STUDY MATERIAL:
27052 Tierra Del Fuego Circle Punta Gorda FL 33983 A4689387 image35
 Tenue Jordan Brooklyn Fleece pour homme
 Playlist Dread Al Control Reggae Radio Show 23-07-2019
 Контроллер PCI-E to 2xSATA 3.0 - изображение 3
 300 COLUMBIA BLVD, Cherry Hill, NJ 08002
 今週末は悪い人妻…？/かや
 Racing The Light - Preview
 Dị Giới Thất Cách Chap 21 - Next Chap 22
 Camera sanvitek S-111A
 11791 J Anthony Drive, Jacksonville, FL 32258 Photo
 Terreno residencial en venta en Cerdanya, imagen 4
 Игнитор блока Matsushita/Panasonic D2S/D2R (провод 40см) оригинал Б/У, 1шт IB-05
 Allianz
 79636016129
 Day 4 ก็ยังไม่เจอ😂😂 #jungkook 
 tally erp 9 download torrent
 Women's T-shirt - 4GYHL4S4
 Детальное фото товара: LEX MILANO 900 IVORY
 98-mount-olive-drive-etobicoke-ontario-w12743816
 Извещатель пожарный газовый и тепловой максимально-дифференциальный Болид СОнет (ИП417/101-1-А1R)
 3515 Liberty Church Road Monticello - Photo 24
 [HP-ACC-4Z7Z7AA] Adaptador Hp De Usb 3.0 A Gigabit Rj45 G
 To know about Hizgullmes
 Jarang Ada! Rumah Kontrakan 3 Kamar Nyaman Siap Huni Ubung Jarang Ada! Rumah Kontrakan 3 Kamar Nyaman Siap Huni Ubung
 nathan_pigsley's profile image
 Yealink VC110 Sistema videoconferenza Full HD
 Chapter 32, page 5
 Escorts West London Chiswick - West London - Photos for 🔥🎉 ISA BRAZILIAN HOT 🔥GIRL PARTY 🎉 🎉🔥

TASK TO COMPLETE: From the first entry above to the last, repeat everything exactly.

WRITTEN SOLUTION:
27052 Tierra Del Fuego Circle Punta Gorda FL 33983 A4689387 image35
 Tenue Jordan Brooklyn Fleece pour homme
 Playlist Dread Al Control Reggae Radio Show 23-07-2019
 Контроллер PCI-E to 2xSATA 3.0 - изображение 3
 300 COLUMBIA BLVD, Cherry Hill, NJ 08002
 今週末は悪い人妻…？/かや
 Racing The Light - Preview
 Dị Giới Thất Cách Chap 21 - Next Chap 22
 Camera sanvitek S-111A
 11791 J Anthony Drive, Jacksonville, FL 32258 Photo
 Terreno residencial en venta en Cerdanya, imagen 4
 Игнитор блока Matsushita/Panasonic D2S/D2R (провод 40см) оригинал Б/У, 1шт IB-05
 Allianz
 79636016129
 Day 4 ก็ยังไม่เจอ😂😂 #jungkook 
 tally erp 9 download torrent
 Women's T-shirt - 4GYHL4S4
 Детальное фото товара: LEX MILANO 900 IVORY
 98-mount-olive-drive-etobicoke-ontario-w12743816
 Извещатель пожарный газовый и тепловой максимально-дифференциальный Болид СОнет (ИП417/101-1-А1R)
 3515 Liberty Church Road Monticello - Photo 24
 [HP-ACC-4Z7Z7AA] Adaptador Hp De Usb 3.0 A Gigabit Rj45 G
 To know about Hizgullmes
 Jarang Ada! Rumah Kontrakan 3 Kamar Nyaman Siap Huni Ubung Jarang Ada! Rumah Kontrakan 3 Kamar Nyaman Siap Huni Ubung
 nathan_pigsley's profile image
 Yealink VC110 Sistema videoconferenza Full HD
 Chapter 32, page 5
 Escorts West London Chiswick - West London - Photos for 🔥🎉 ISA BRAZILIAN HOT 🔥GIRL PARTY 🎉 🎉🔥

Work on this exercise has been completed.